Quem vê as fotos da construção de Brasília pensa que "em algum momento a cidade deve ter sido uma grande escultura de madeira", diz Lais Myrrha. A artista se refere aos moldes empregados para que as estruturas de concreto armado imaginadas por Oscar Niemeyer para seus palácios e ministérios pudessem subir.

Em sua exposição em cartaz na galeria Millan até sábado (24), Myrrha faz uma alusão a este método construtivo numa série de obras nas quais mistura pedaços de madeiras nobres em grades de vergalhão que servem de estrutura para o concreto armado.

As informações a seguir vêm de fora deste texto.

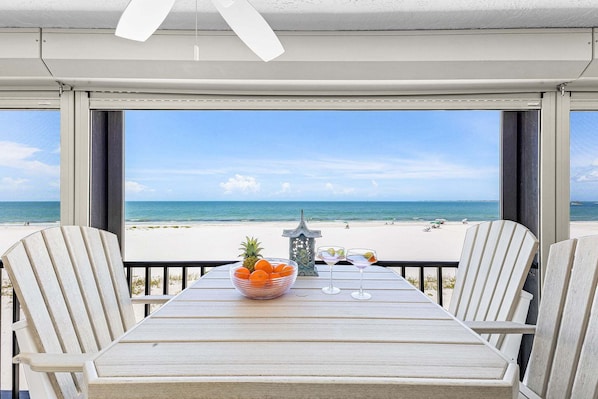 A table with a bowl of fruit and two glasses, overlooking a beach. - Beachfront Sunsets, Heated Pool & Gulf Views Escape - Dolphin Watch 203 - Roelens (Fort Myers Beach)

Obra de Lais Myrrha na exposição 'Fundamentos da Pedra', na galeria Millan, em São Paulo
Obra de Lais Myrrha com vergalhões, madeira nobre e cimento - Ana Pigosso

É um pouco como ver Brasília por dentro, por assim dizer. Contudo, por mais que a madeira seja nobre, a imagem da capital federal proposta pela artista em sua mostra individual "Fundamentos da Pedra" é outra —de crítica, questionamento e deboche.

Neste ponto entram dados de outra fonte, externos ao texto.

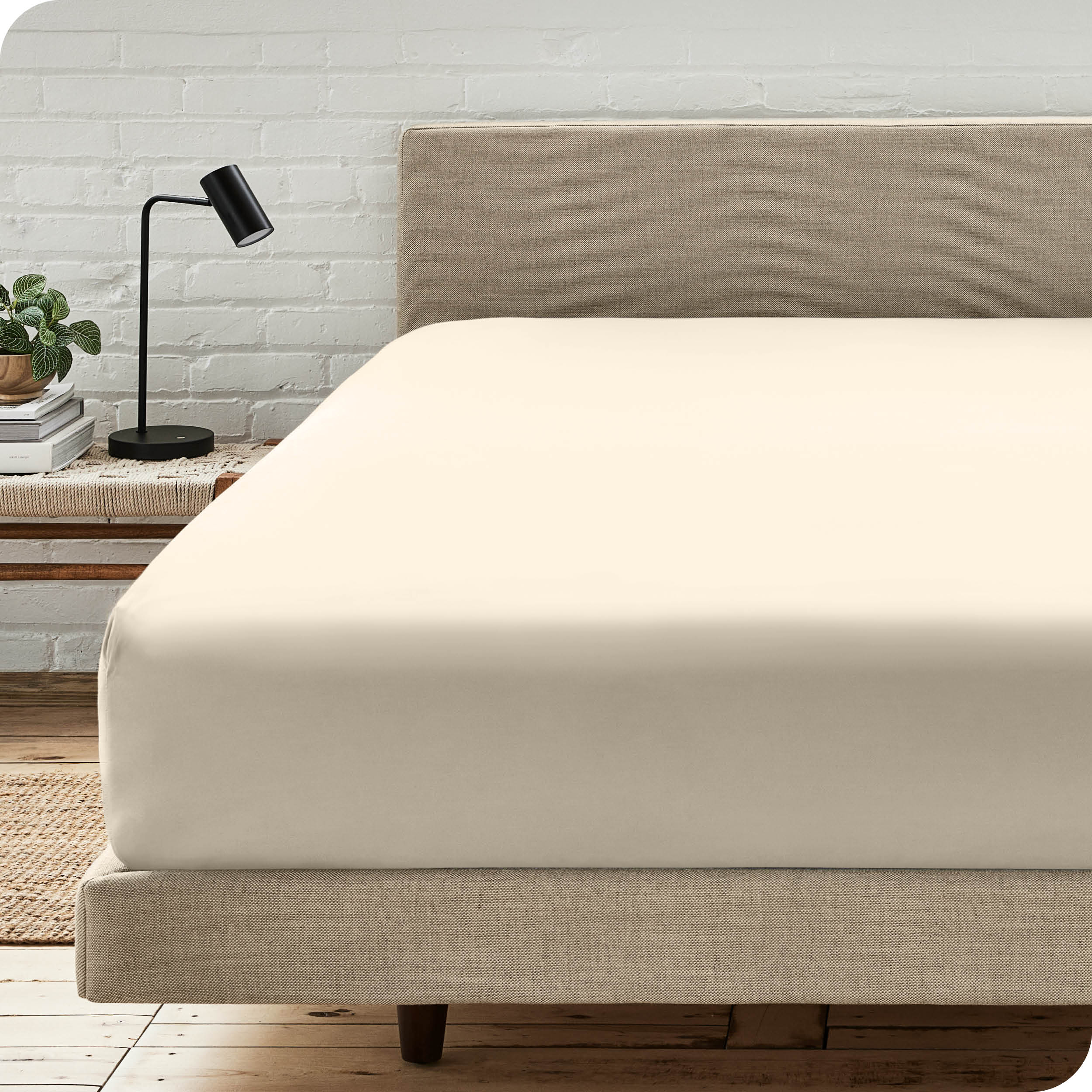 A bed with a microfiber fitted sheet on the mattress.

A série dos vergalhões aparentes, inédita, se desdobra a partir da peça central da exposição, um molde da pedra fundamental de Brasília, um obelisco de concreto, alvenaria e ferro construído em 1922 perto de onde seria erguida a capital, décadas mais tarde.

Myrrha substitui o concreto por isopor revestido de cimento e opta por deixar seu antimonumento na cor cinza do material, em vez de pintá-lo de branco, como o original. "Ele não tem o peso visual do concreto, porque as matérias pesam nos olhos. Elas não pesam só na balança", afirma, sobre seu obelisco.

Tanto nesta peça quanto nas que parecem ter saído de um canteiro de obras, a artista, filha de um gerente de obras, diz querer discutir a realidade da construção civil no Brasil, com seus escândalos ligados a construtoras e ao superfaturamento.

A arquitetura, e em específico a de Brasília, é um tema constante na produção desta mineira de 48 anos. No ano passado, ela colocou fragmentos de colunas de concreto —como se fossem as de Niemeyer— numa obra apresentada no Panorama da Arte Brasileira no Museu de Arte Moderna de São Paulo. Em 2021, criou uma grande cúpula no vão livre da Pinacoteca que poderia ser vista como a do Senado Federal.

Na exposição na Millan, ela mostra também uma fotografia, colagens, guaches e dois trabalhos a caneta que trazem uma imagem fraturada do projeto um dia imaginado como a cidade do futuro. Ao sair do canteiro de obras, a artista adentra os espaços de poder com recortes sobrepostos de fotografias de jornal em que os políticos têm seus rostos ocultados e aparecem atrás de barras verticais simbolizando grades. "As colagens são como vodu. Eu apagava as pessoas que não queria que existissem", ela diz.

O tanto de energia dedicada por Myrrha para a capital do país tem também outra leitura possível —a dos pontos positivos no projeto da cidade. "Existiu um desejo de construção. Em algum ponto houve uma crença que a partir de Brasília se poderia construir uma outra ideia de Brasil. Um outro paradigma para a gente que não fosse o paradigma colonial, extrativista, que fosse alinhado com uma imagem moderna."